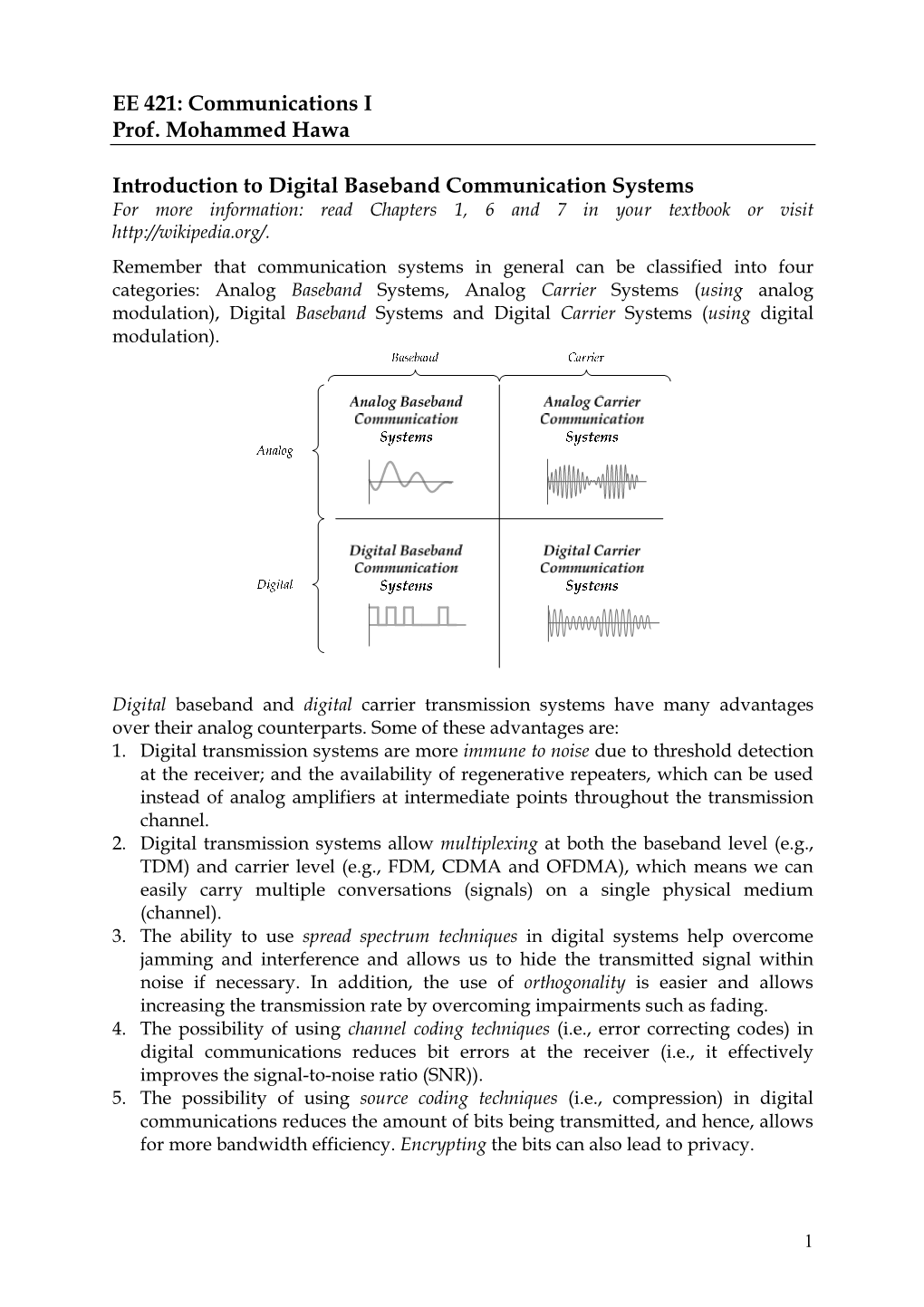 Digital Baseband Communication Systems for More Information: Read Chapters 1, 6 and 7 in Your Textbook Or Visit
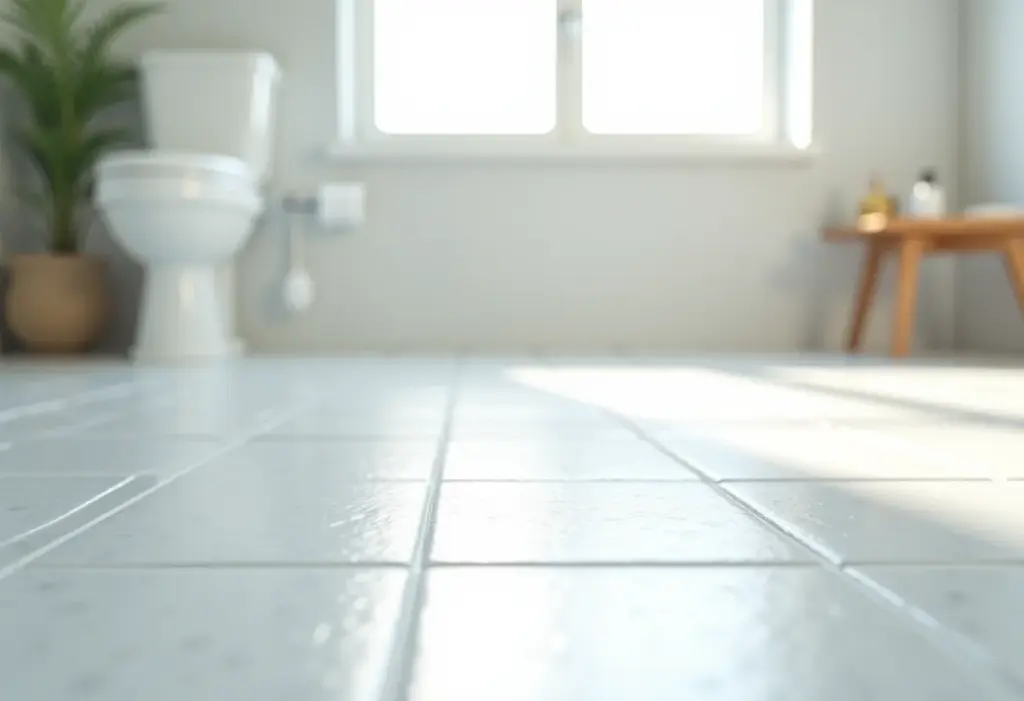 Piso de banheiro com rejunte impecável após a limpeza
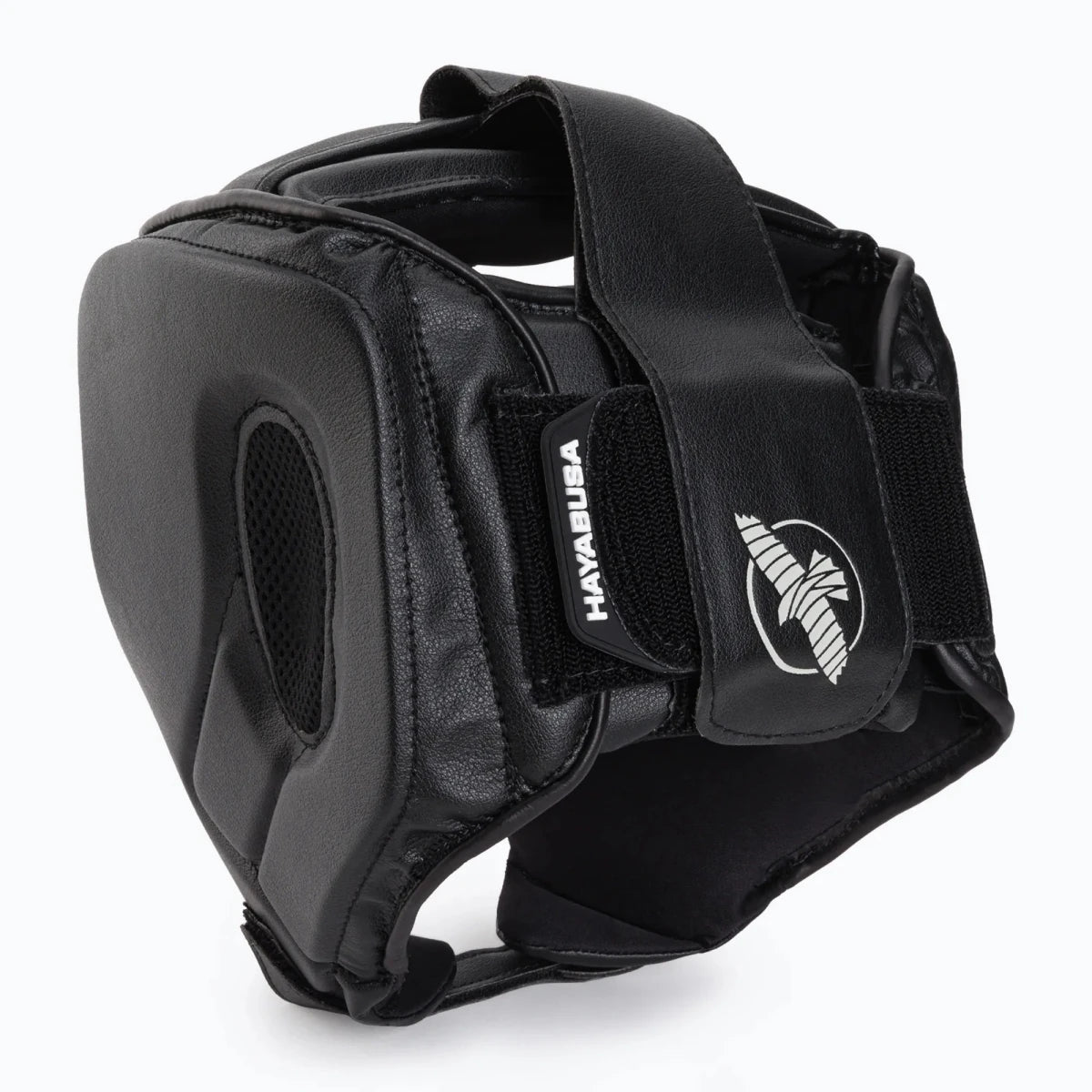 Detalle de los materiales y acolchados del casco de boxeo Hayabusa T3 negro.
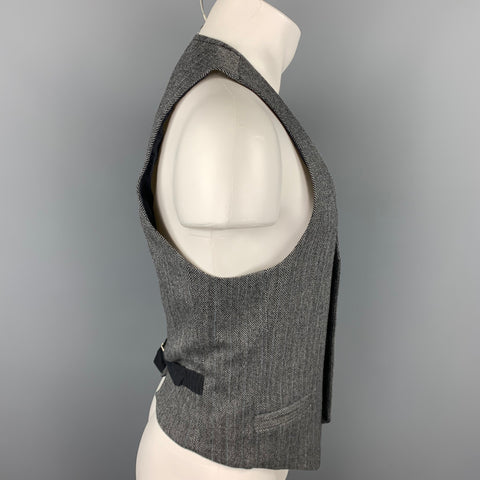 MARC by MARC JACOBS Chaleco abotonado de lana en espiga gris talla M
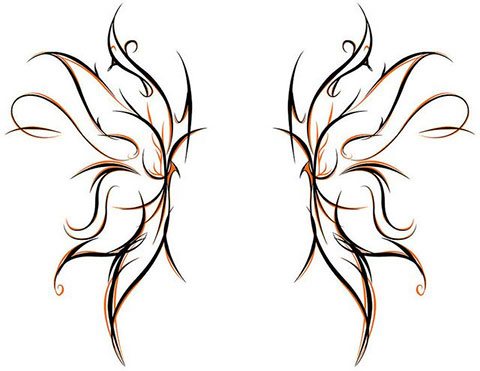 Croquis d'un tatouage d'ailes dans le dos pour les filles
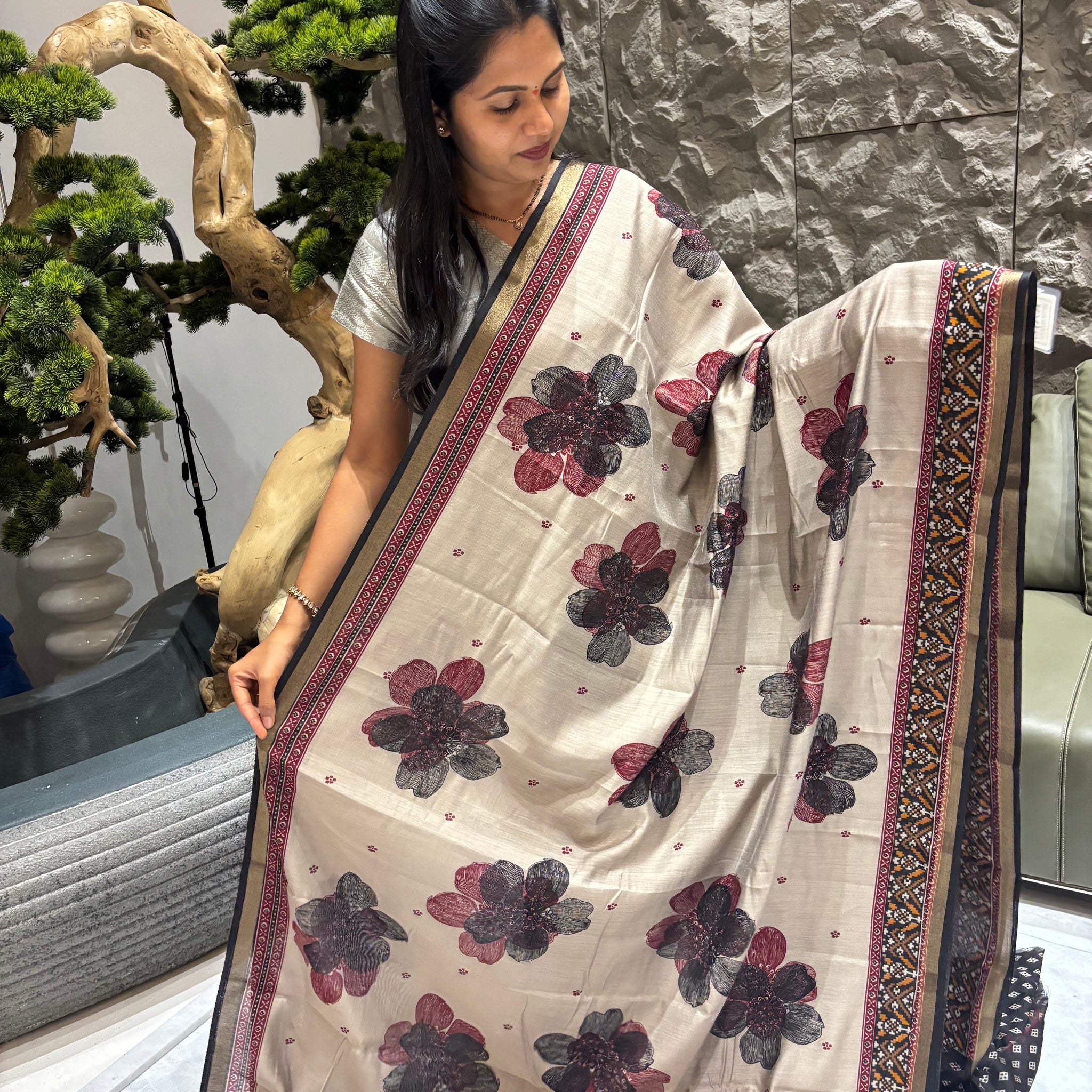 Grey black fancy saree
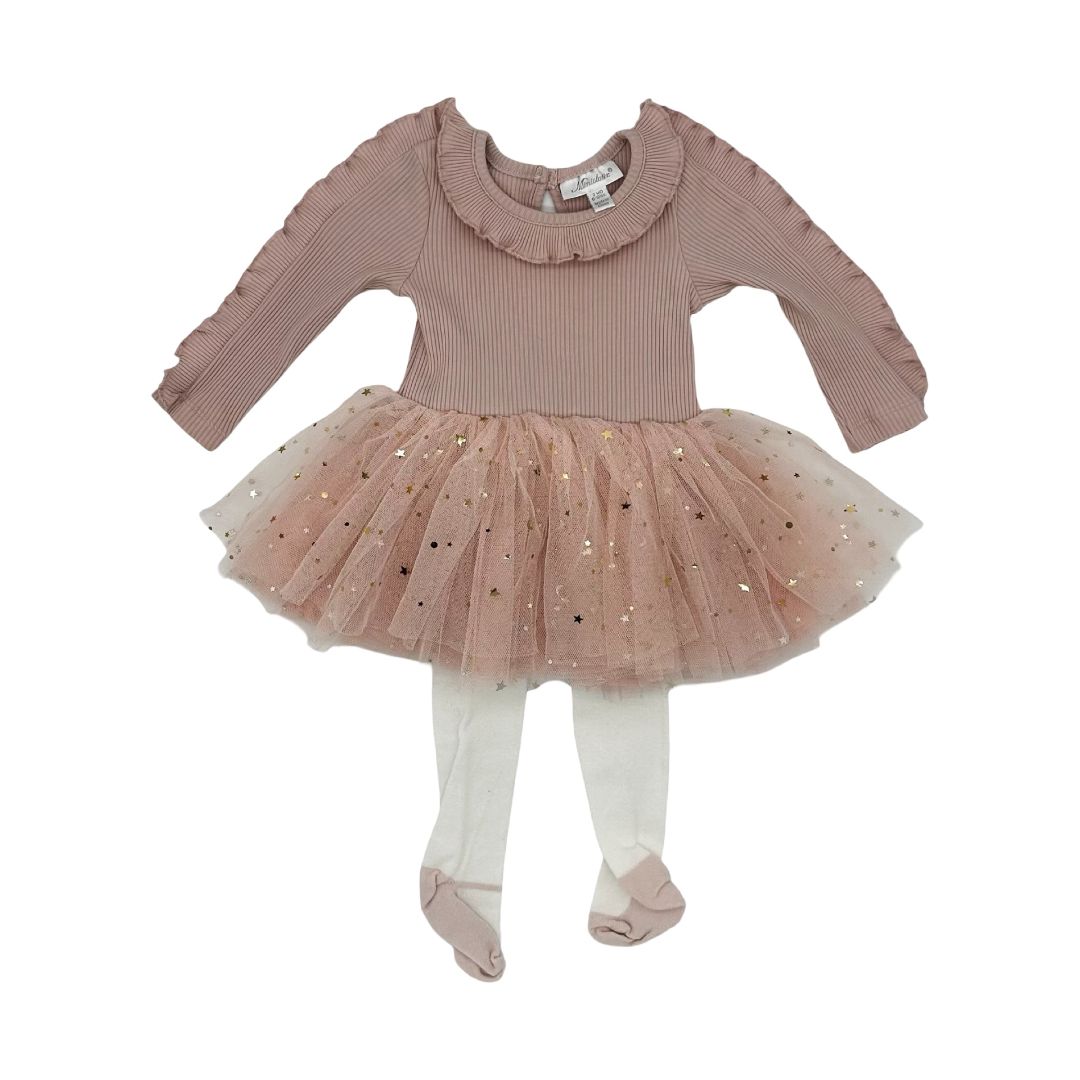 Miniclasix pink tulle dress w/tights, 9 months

▬▬▬▬▬▬

▶ **The task**: Give every record again exactly, apart from the pictures, which stay out.

▶ **Solution to the exercise**:
 Digital Baseband Communication Systems for More Information: Read Chapters 1, 6 and 7 in Your Textbook Or Visit
 Piso de banheiro com rejunte impecável após a limpeza
 Detalle de los materiales y acolchados del casco de boxeo Hayabusa T3 negro.
 MARC by MARC JACOBS Chaleco abotonado de lana en espiga gris talla M
 Croquis d'un tatouage d'ailes dans le dos pour les filles
 Grey black fancy saree
 Miniclasix pink tulle dress w/tights, 9 months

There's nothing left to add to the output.